Indofood Sukses Makmur dan Indofood CBP Sukses Makmur juga menunjukkan performa baik dengan kenaikan masing-masing sebesar 2,17% dan 2,88%. Sementara itu, emiten unggas Charoen Pokphand Indonesia mencatatkan kenaikan yang signifikan sebesar 4,96% dalam sesi perdagangan yang sama.
Persepsi Investor terhadap Kebijakan Fiskal
Saham Alfamart masih menunjukkan trend positif meskipun naik terbatas, hanya 0,9% menjadi Rp 2.240. Namun, tidak semua saham meraih keberuntungan, seperti Aspirasi Hidup Indonesia yang justru mengalami penurunan sebesar 3,64% pada hari tersebut.

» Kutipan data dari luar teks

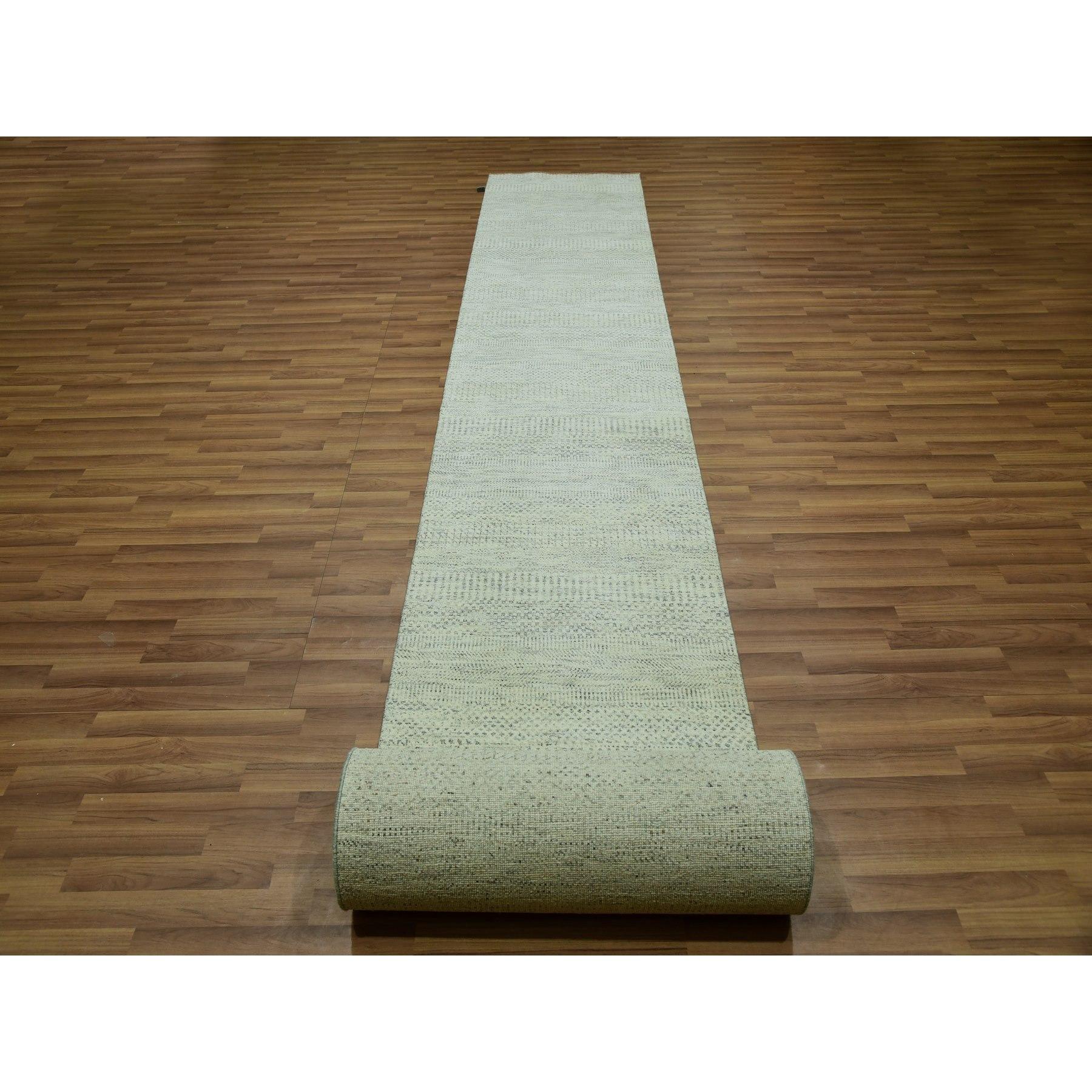 This is a truly genuine one-of-a-kind Modern Grass Design, Pure Wool, Tone on Tone, Hand Knotted, Oriental Rug. It has been Knotted for months and months in the centuries-old weaving craftsmanship techniques by artisans.
Primary materials:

Pernyataan Menteri Keuangan Purbaya yang membuka kemungkinan untuk insentif perpajakan mewarnai kondisi pasar. Bagi banyak investor, penurunan tarif PPN adalah langkah yang dinanti-nanti, khususnya dalam konteks upaya mendorong daya beli masyarakat yang sempat tertekan.
Namun, Purbaya menekankan pentingnya evaluasi mendalam mengenai situasi fiskal pemerintah saat ini. Dengan menimbang berbagai faktor ekonomi, ia menyatakan belum yakin bahwa pemangkasan PPN akan dilakukan dalam waktu dekat, mengingat adanya kontraksi dalam penerimaan pajak negara.
Perkembangan Penerimaan Pajak dan Dampaknya
Menurut Menteri Keuangan, setoran pajak per akhir September 2025 mencatatkan kontraksi sebesar 4,4% dibanding tahun lalu, dengan total mencapai Rp 1.295,3 triliun. Pemicu utama penurunan ini berasal dari dua komponen penting, yaitu pajak penghasilan badan dan PPN.
Penerimaan PPh Badan mengalami penurunan sebesar 9,4% secara tahunan, dengan total setoran sekitar Rp 215,10 triliun. Sementara itu, tekanan lebih berat dialami PPN dan PPNBM, yang mencatatkan kontraksi sebesar 13,2% menjadi Rp 474,44 triliun, memperlihatkan tantangan yang dihadapi pemerintah dalam mencapai target penerimaan pajak.
Purbaya mengingatkan agar setiap langkah yang diambil dalam kebijakan fiskal harus dilakukan dengan hati-hati. Ia menekankan bahwa pemangkasan pajak yang tidak dipertimbangkan dengan baik dapat berdampak buruk pada kondisi defisit anggaran negara.